Perhaps from a desire for ecumenical unity, I have been following the ups and downs of the global Anglican Communion for the past few years. As you may be aware, deep-seated controversies have arisen between conservatives and liberals among the Anglican churches (including the Church of England and the Episcopal churches in North America). The real issue at stake is the authority of Scripture and its traditional, orthodox interpretations by church leadership. This has shown itself most painfully among the liberals in their muddling of sexual standards, going so far as to bless same-sex unions and ordain clergy who openly practice a gay lifestyle.

Most recently, the conservative/orthodox GAFCON (Global Anglican Future Conference) met in boycott of the Lambeth conference, held every ten years. As I read through the most recent updates of this conference on BBC News, three things struck me. (1) In reading the GAFCON statement, I was amazed by the sense in which their council embodied both a commitment to the purity of the gospel under the authority of canonical Scripture, as well as eagerness to "maintain the unity of the Spirit in the bond of peace" (Ephesians 4:3). Of course, this meeting was not quite on par with Acts 15 or the seven ecumenical councils that defined historic Christian orthodoxy in Christianity's first millenium (or four councils, as the GAFCON statement claims). But I sense a similar spirit in which such "apostolic" things are still going on today, the Holy Spirit guiding and purifying Christ's body from all defilement.

(2) I am amazed at how far some of the liberals' understanding of biblical doctrine departs from orthodoxy.
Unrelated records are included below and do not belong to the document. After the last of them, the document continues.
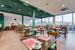 teren hotelu, restauracja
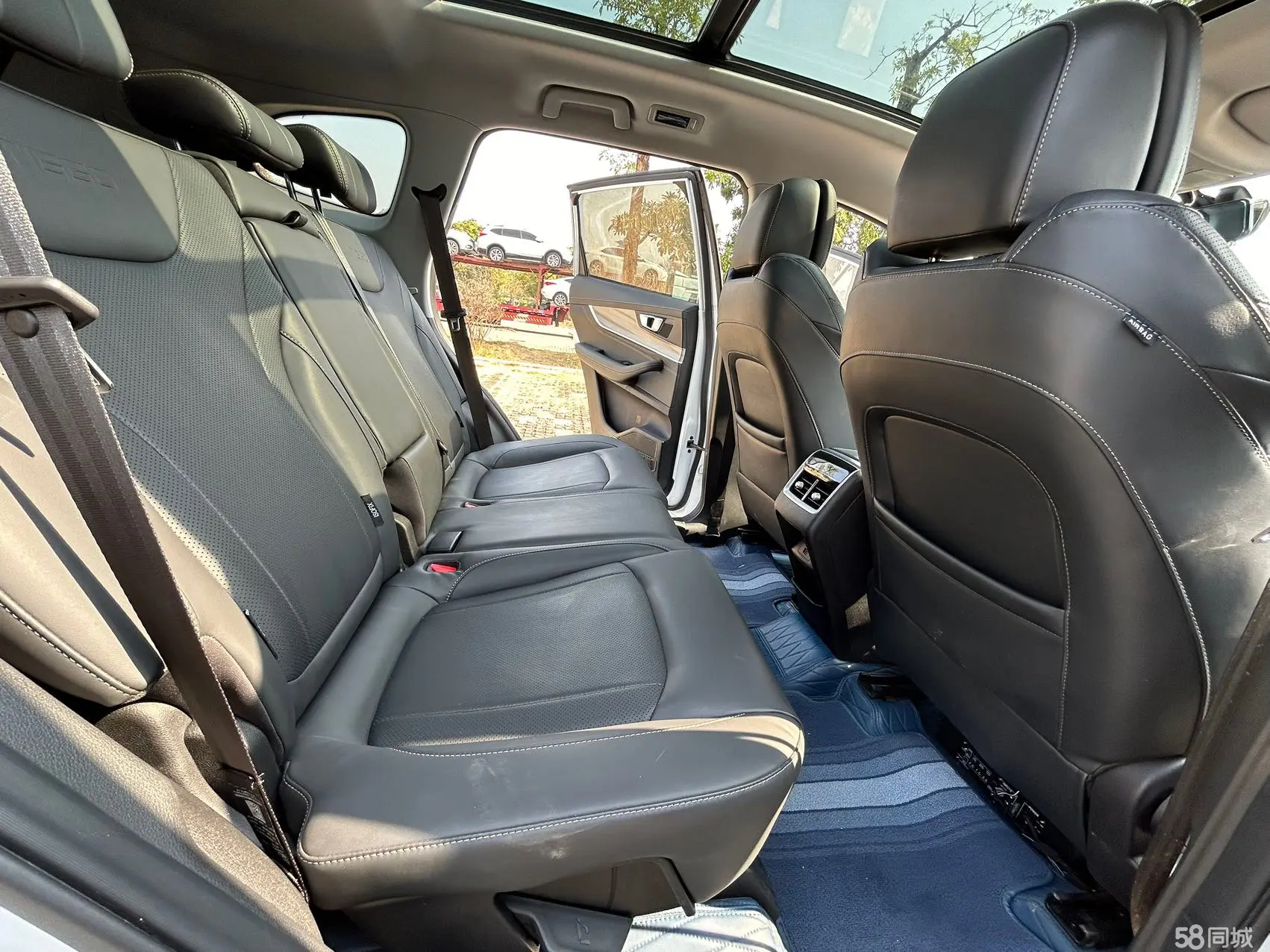 Chery Tiggo 8 Plus 2022 #9 Chery Tiggo 8 Plus 2022 car image #9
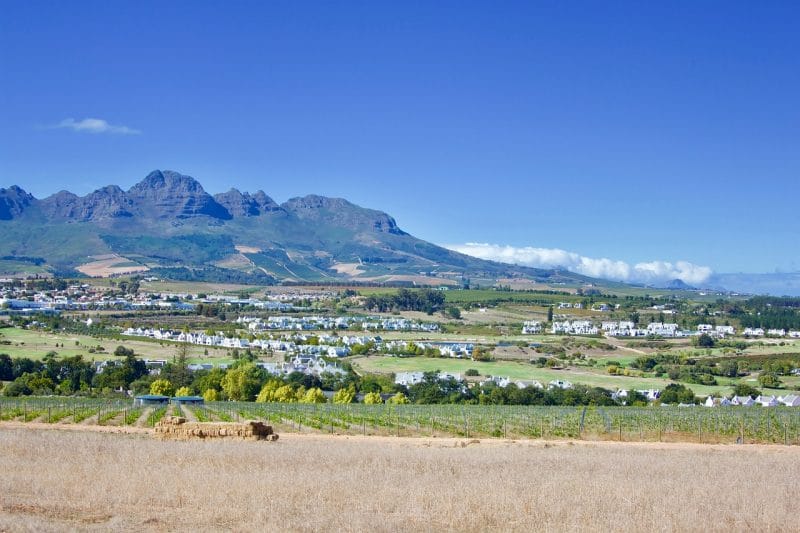 Stellenbosch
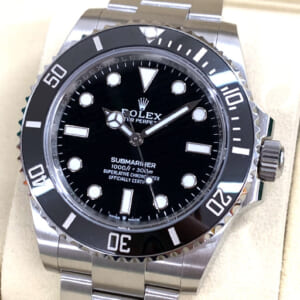 ロレックス サブマリーナー 124060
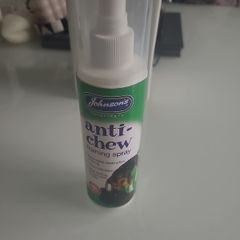Anti Chew Spray for Puppies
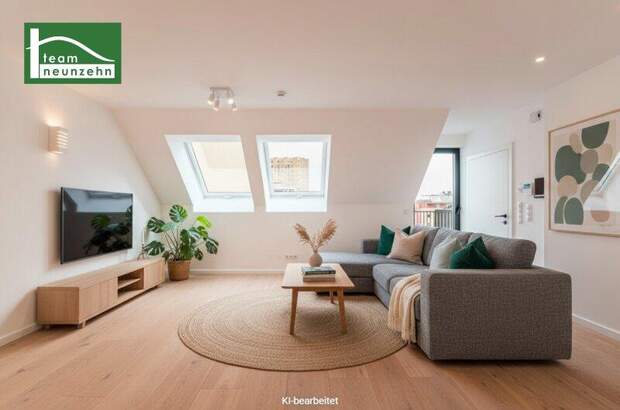 Terrassenwohnung kaufen in 1220 Wien (Bild 3)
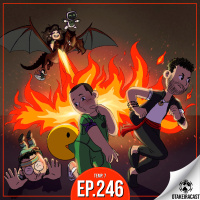 OtakeiraCast - Ep.246 - Prontos para destravar todas as fases em Secret level?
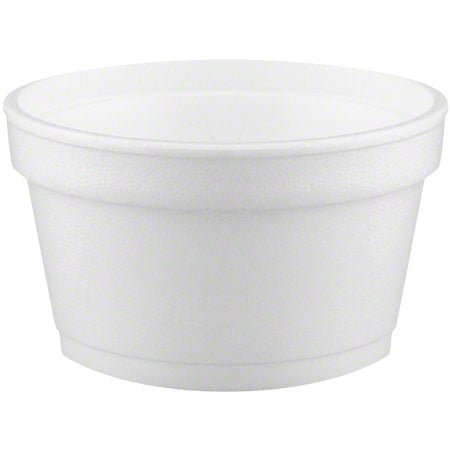 Durable Convermex 6oz Food Container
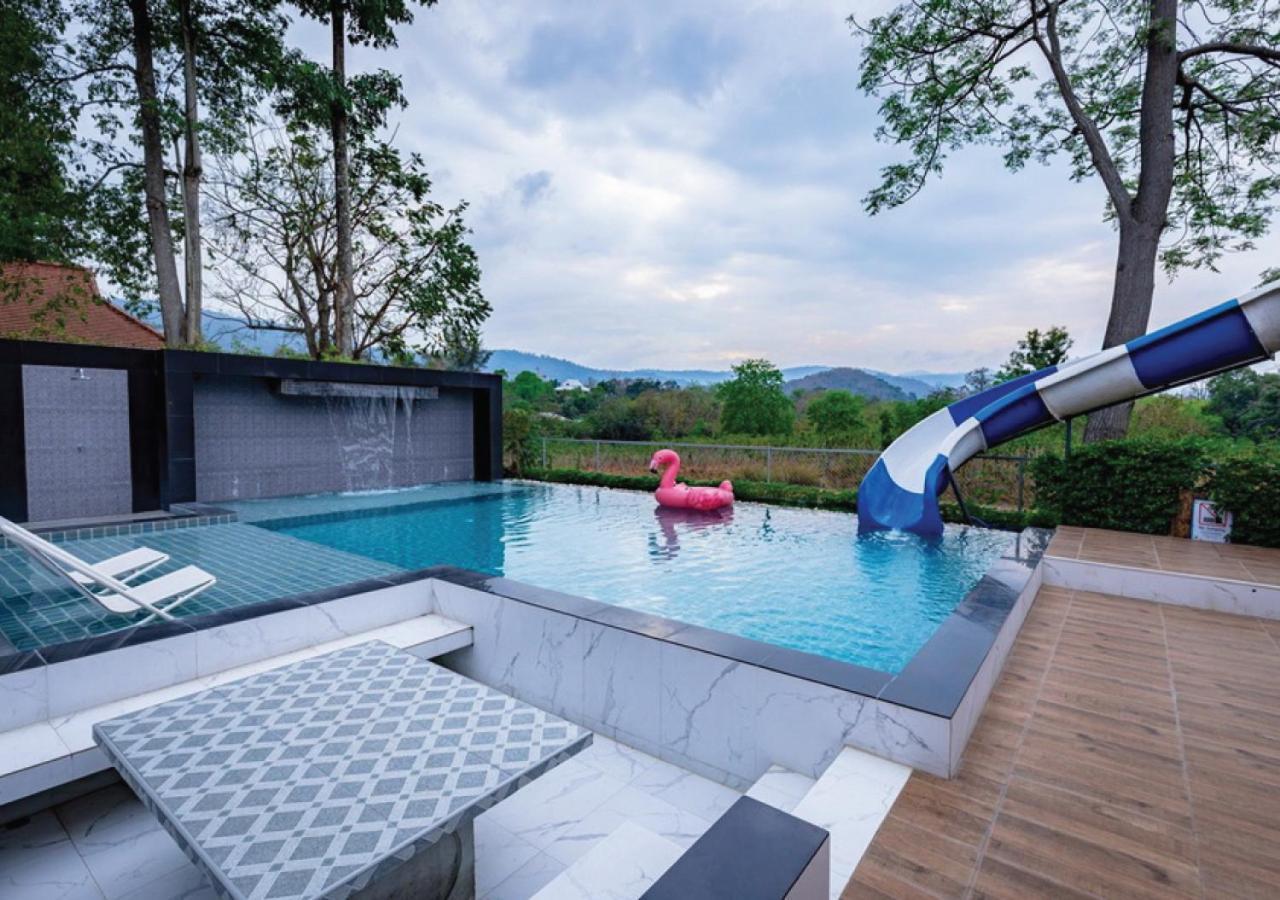 Khaoyai Valley 3 บ้านพักเขาใหญ่วัลเล่ย์3 Mu Si Buitenkant foto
Conservatives such as me are perplexed at how anyone can openly bastardize "clear teachings" from the Bible. (See especially Bishop Andrus's last point here, concerning the Great Commission.) But I'm learning that what's always at stake in these debates is whether or not we presuppose the authority of God's Word over us and our own reasoning and human principles (cf. Colossians 2:8).

(3) The Anglicans pushing for orthodoxy and loving reform in the Communion are by and large from "Global South" countries, namely, those in Africa. The doctrinal and moral collapse and "enfeebled witness" of the European and North American churches shows that we are no longer in a Christianized realm. The heart of Christianity is moving southward more and more. This is certainly an indictment of compromise--Christ removing unfaithful churches' lampstands, as it were (Revelation 2:5). But is is also a glorious sign of the gospel's triumph; the message of Christ will not be snuffed out by the world. "The light shines in the darkness, and the darkness has not overcome it" (John 1:5). Though weaknesses and syncretitistic compromise are ailing parts of the Communion and thereby weakening the church as a whole, yet other parts of the body are growing in health and strength. I especially praise the Anglican leaders in Zimbabwe who are fighting against the despotism of Robert Mugabe, who won another rigged election and was sworn in on the Bible. Apparently Mugabe believes only divine action can overturn his rule--and it shall.

1 comment:

Ted M. Gossard said...

I agree, Andrew. And what most stands out to me is the failure to acknowledge Jesus as the only way to God. As well as the denial that Paul evangelized or believed in evangelizing the lost. The gospel is at stake here, no doubt.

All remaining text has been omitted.